GIVEN INFORMATION:
=== Section Start ===

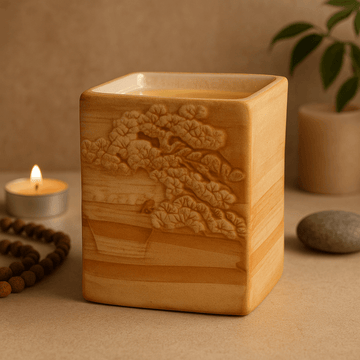 Oil Burner Wax Warmer Hand Painted Bonsai Sand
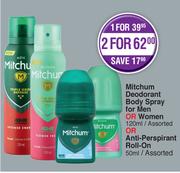 Mitchum Deodorant Body Spray For Men Or Women 120ml Or Anti-Perspirant Roll-On 50ml-Each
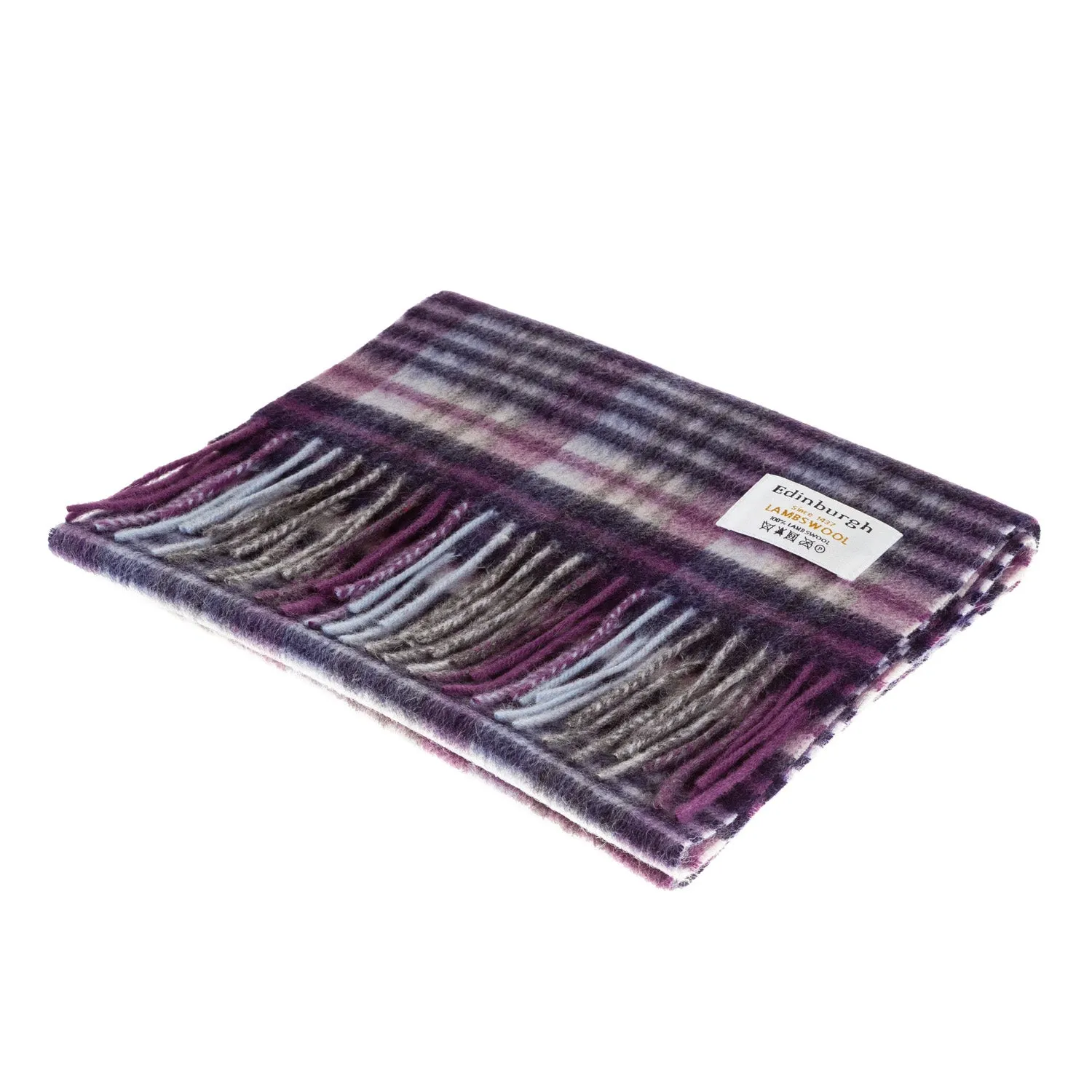 Edinburgh 100% Lambswool Scarf  Cluster Gingham Linen/Denim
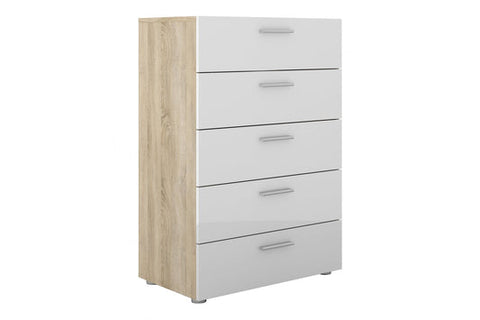 Pepe Chest of 5 Drawers in White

=== Section End ===

WORK ORDER: Print the complete listing exactly, apart from any pictures.

TASK RESULT:
 Oil Burner Wax Warmer Hand Painted Bonsai Sand
 Mitchum Deodorant Body Spray For Men Or Women 120ml Or Anti-Perspirant Roll-On 50ml-Each
 Edinburgh 100% Lambswool Scarf  Cluster Gingham Linen/Denim
 Pepe Chest of 5 Drawers in White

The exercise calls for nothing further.